Concernant la France, la dernière place des Twin Twin en 2014 (la France était lanterne rouge pour la première fois de son histoire) et le piètre résultat de Lisa Angell l’année suivante, ont eu un effet électrochoc du côté de France TV. Nathalie André, qui était directrice des divertissements à l’époque, s’est rendue compte, comme elle l’a dit après coup, en arrivant à Vienne où avait lieu l’édition 2015, que la réalité du concours, cette énorme machinerie, ne correspondait pas du tout à l’image modeste et un peu désuète qu’elle s’en faisait. C’est ainsi qu’Amir est arrivé en 2016, offrant une sixième place à la France. Le public français qui pensait que le top 10 n’était plus accessible pour des raisons de pseudos votes géopolitiques a compris qu’en fait c’était jouable. La deuxième place de Barbara Pravi leur a démontré que la France pouvait briller au concours et même, qui sait, regagner un jour.
Musicalement, même si ça reste très éclectique, tu penses qu’il y a des tendances dans les chansons proposées d’année en année ? Et c’est quoi en ce moment ?

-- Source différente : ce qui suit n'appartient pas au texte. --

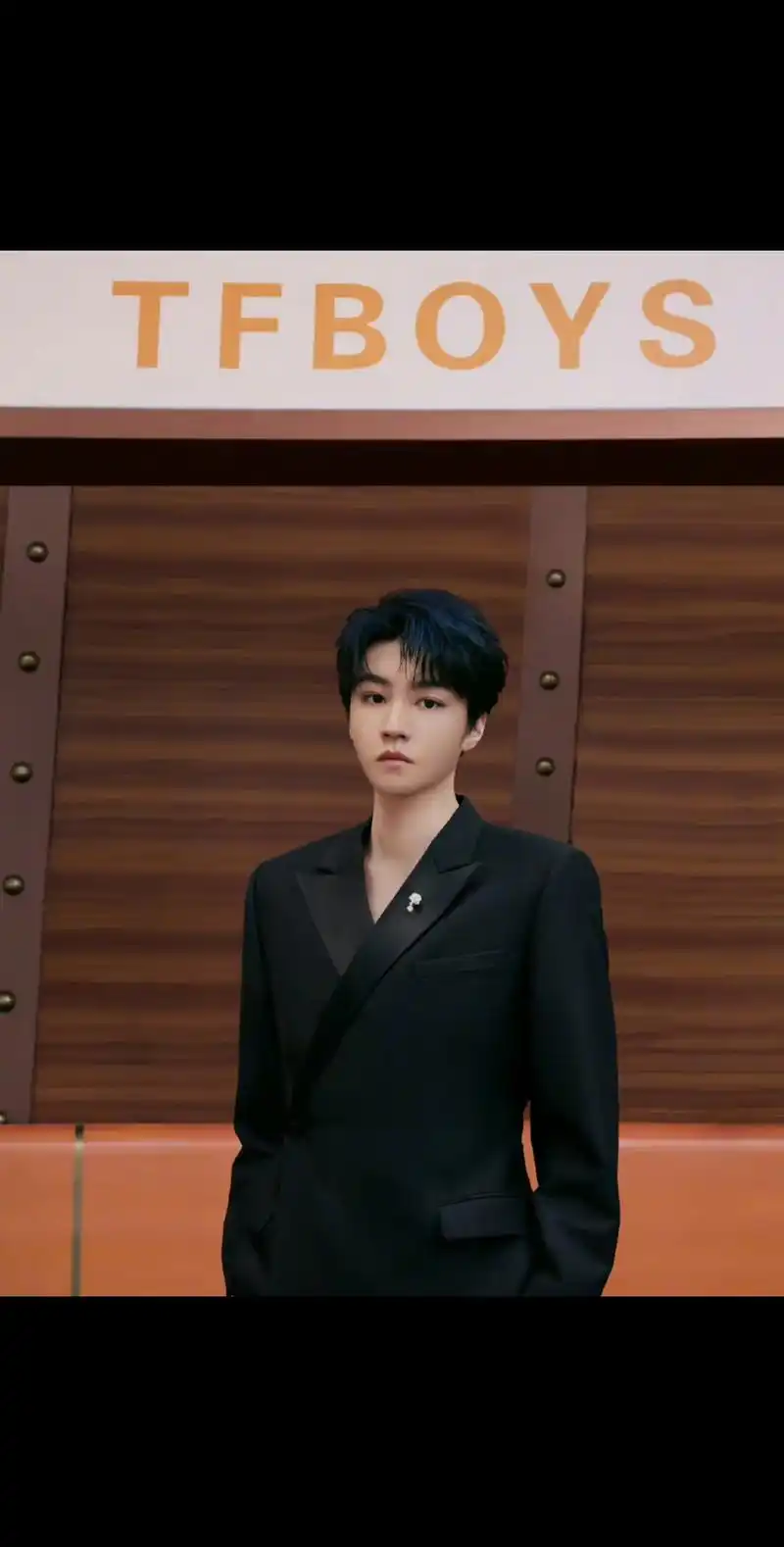 好久不见#tfboys十年之约 #tfboys #照片里的他 - 抖音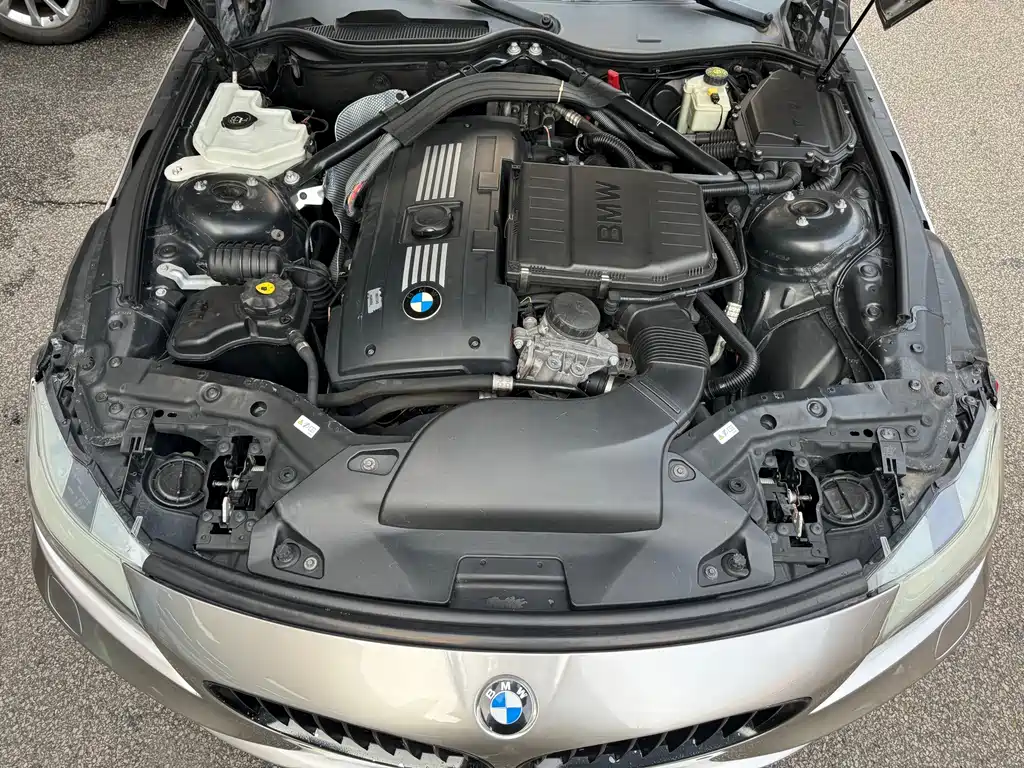 BMW Z4 — миниатюра 21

La tendance est de fuir ce qui peut paraître formaté. J’ai l’impression que cela a commencé en 2016 avec la victoire de l’Ukrainienne Jamala et sa chanson qui n’a rien d’un tube évident. Mais elle dégage une force émotionnelle, une forme d’authenticité, à rebours des recettes de la pop suédoise qui a longtemps été perçue comme la panacée. Les gagnant·e·s suivant, Salvador Sobral, Netta, Duncan Laurence, les Måneskin avaient leur authenticité propre, la capacité à porter leur chanson, à la vivre, à s’impliquer dedans, à faire corps avec elle. Leur point commun : être crédité·e·s à l’écriture et/ou à la composition.
On note aussi que sur les cinq dernières chansons gagnantes, il y en a une en italien, une en portugais, une qui comprend du tatar… L’anglais n’est plus vue comme la langue à utiliser à tout prix. L’an dernier, dans le top 5, il n’y avait qu’une chanson en anglais (et une en italien, deux en français et une en ukrainien). Cette année, un plus grand nombre encore de pays chantent dans une langue autre que l’anglais : en lituanien, en serbe, en islandais, en néerlandais, en breton, etc.
Le cycle dans lequel l’Eurovision se trouve fait la part belle aux chansons qui sont à la fois uniques et authentiques ou qui, du moins, ne donnent pas l’impression de chercher à reproduire ou suivre une recette ou d’être purement opportunistes.